> [REQUIRED ACTION]
Leave out the pictures, and copy exactly the lines from the line with "Penn-Knox Apartamento |" through the last line of the data below.

> [DATA EXCERPT]
━━━━━━━━━━
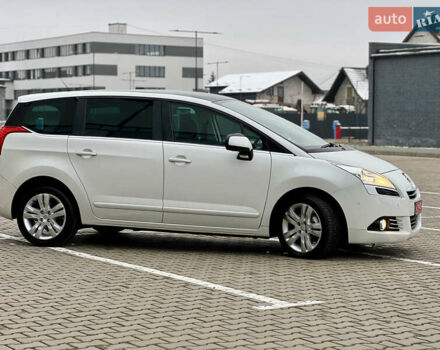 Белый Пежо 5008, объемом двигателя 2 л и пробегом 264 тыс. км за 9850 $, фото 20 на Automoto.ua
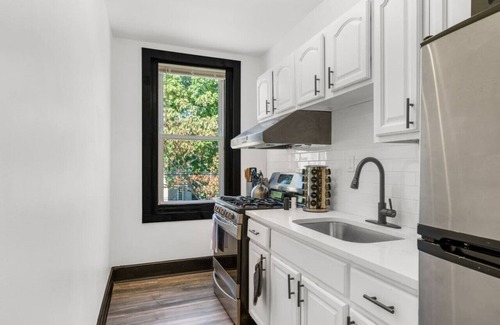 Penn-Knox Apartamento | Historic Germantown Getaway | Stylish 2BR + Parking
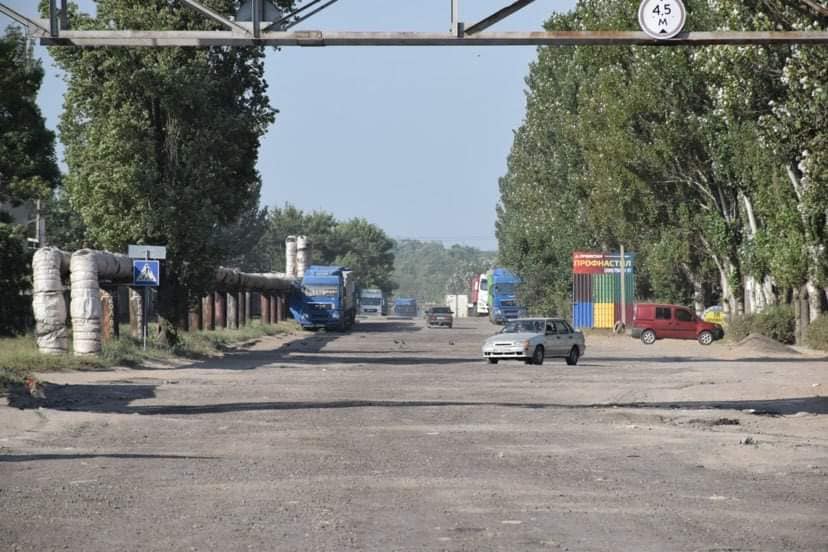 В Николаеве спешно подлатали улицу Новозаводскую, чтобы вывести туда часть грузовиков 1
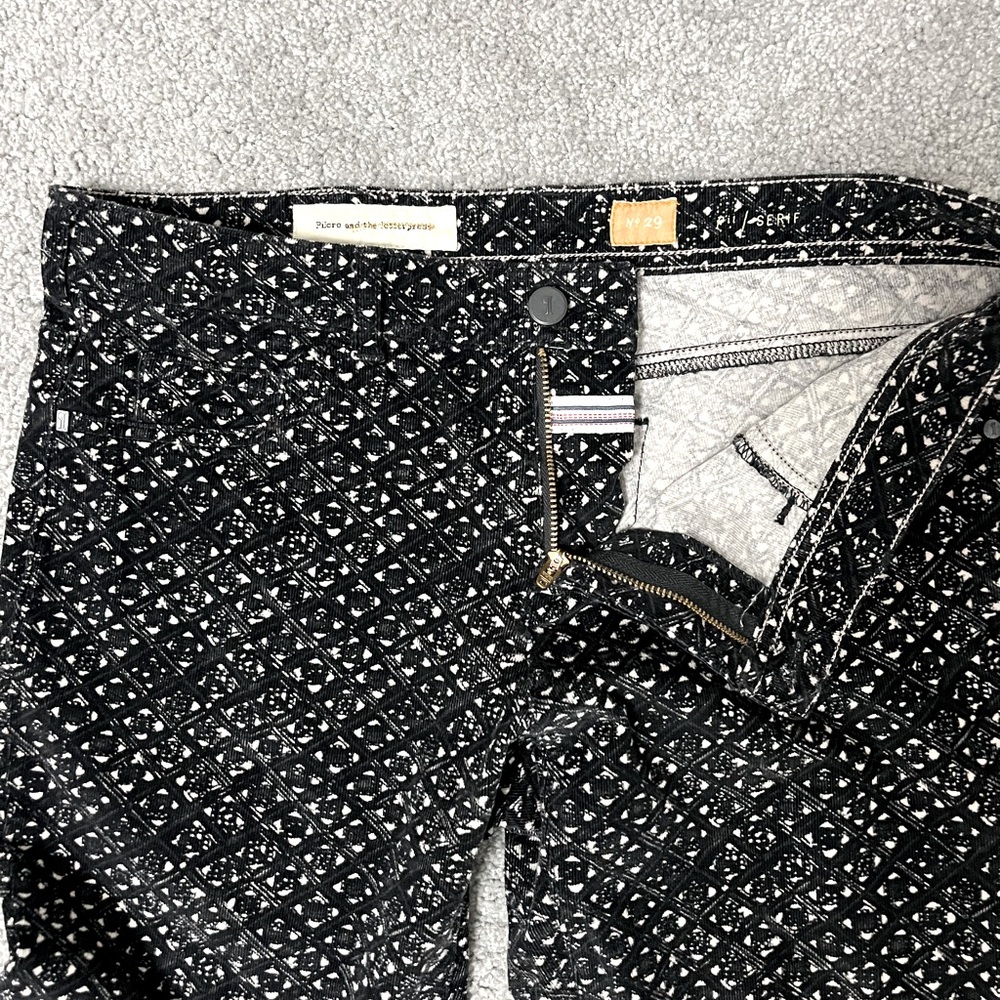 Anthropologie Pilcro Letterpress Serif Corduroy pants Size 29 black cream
━━━━━━━━━━
> [SOLUTION]
 Penn-Knox Apartamento | Historic Germantown Getaway | Stylish 2BR + Parking
 В Николаеве спешно подлатали улицу Новозаводскую, чтобы вывести туда часть грузовиков 1
 Anthropologie Pilcro Letterpress Serif Corduroy pants Size 29 black cream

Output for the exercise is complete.